Write out nothing except the lines running from the one containing "#HealthForFuture https://t.co/OOq3goyvq3" to the last line of the data, exactly as they stand.

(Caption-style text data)
━━━━━━━━━━
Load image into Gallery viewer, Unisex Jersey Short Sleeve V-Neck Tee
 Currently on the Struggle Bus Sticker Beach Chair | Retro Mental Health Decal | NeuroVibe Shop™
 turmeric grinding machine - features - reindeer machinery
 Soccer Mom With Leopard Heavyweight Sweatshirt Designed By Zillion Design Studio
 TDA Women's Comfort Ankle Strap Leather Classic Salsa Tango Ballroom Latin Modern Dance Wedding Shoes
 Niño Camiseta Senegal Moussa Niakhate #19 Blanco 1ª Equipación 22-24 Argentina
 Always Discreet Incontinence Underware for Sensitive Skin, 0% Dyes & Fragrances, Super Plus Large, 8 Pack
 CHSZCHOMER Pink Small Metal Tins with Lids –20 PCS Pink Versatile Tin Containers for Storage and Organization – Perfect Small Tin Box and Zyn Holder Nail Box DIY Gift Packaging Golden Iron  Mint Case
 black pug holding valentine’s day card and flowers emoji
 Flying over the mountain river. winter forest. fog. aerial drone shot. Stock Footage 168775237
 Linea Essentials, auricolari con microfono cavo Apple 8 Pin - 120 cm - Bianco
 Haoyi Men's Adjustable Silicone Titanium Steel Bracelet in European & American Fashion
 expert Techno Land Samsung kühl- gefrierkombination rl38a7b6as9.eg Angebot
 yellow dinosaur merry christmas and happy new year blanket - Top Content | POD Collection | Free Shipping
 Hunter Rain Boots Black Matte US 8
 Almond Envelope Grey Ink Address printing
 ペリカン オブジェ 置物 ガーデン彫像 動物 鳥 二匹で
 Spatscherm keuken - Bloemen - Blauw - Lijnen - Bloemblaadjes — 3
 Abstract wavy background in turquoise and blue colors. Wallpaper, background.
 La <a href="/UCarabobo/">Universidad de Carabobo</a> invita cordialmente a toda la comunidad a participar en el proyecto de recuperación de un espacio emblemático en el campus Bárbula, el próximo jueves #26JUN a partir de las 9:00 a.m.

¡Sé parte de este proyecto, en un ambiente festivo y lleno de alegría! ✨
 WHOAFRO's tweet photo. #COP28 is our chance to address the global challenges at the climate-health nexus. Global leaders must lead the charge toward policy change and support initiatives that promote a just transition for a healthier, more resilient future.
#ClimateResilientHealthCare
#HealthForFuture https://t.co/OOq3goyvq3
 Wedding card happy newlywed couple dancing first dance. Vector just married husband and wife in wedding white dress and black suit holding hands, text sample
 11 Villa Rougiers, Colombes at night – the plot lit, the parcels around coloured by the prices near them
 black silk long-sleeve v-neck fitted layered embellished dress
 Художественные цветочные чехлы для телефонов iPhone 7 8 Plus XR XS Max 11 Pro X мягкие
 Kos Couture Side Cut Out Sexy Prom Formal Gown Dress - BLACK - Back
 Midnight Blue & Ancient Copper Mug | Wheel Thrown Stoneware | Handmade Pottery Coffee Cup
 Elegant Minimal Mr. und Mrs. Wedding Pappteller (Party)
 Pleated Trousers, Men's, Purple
━━━━━━━━━━
§ Answer box:
#HealthForFuture https://t.co/OOq3goyvq3
 Wedding card happy newlywed couple dancing first dance. Vector just married husband and wife in wedding white dress and black suit holding hands, text sample
 11 Villa Rougiers, Colombes at night – the plot lit, the parcels around coloured by the prices near them
 black silk long-sleeve v-neck fitted layered embellished dress
 Художественные цветочные чехлы для телефонов iPhone 7 8 Plus XR XS Max 11 Pro X мягкие
 Kos Couture Side Cut Out Sexy Prom Formal Gown Dress - BLACK - Back
 Midnight Blue & Ancient Copper Mug | Wheel Thrown Stoneware | Handmade Pottery Coffee Cup
 Elegant Minimal Mr. und Mrs. Wedding Pappteller (Party)
 Pleated Trousers, Men's, Purple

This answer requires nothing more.